Maybe it's because we've lost patience as a society; because we don't have enough time. I mean, it isn't as easy to have an "intelligent, respectful argument" online as it is face-to-face. One would have to keep going back and checking the thread, waiting for a response, etc. Who has time for that when there's Facebooking to be done?

And speaking of Facebook, the social media of all social medias -- ever notice how all the people we're "friends" with on the site are fairly similar to us? They may not share in every single moral, value, and political view, but they're rarely extremely different. And if they are, and we don't like it, we can just unfriend them.

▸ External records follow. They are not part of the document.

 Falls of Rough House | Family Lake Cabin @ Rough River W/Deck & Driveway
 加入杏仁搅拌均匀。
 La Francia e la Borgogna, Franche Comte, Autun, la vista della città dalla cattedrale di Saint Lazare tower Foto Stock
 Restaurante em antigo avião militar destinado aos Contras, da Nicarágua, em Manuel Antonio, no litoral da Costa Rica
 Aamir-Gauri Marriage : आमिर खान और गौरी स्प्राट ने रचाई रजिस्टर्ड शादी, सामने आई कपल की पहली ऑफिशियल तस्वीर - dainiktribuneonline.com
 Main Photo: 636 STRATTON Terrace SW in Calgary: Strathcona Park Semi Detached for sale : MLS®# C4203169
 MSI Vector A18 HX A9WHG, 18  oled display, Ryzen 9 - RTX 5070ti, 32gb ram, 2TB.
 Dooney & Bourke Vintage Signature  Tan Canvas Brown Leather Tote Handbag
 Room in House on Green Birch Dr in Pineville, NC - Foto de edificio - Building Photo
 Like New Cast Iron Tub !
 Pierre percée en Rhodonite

I sort of think things have gotten out of control. I think what started out as something extremely freeing -- being able to tell someone they're a complete moron without "getting caught" -- has morphed into something bigger. It's the fake it 'til you make it mentality. I now believe the things I've said, and you believe the things you've said. And never the twain shall meet. Our knee-jerk reactions are simply to disagree. It's actually really depressing.

So. Is there anything we can do? Any way we can bridge the gap? Possibly. But it might take spending time away from our computers and actually connecting with people in person so we can hear what they have to say in more than a few sentences. And, honestly, who has time for that? So, I guess let's just hope that within Facebook's next big change, Zuckerberg rolls out an "It's alright" button.

Do you feel like the Internet has made you more "black and white"?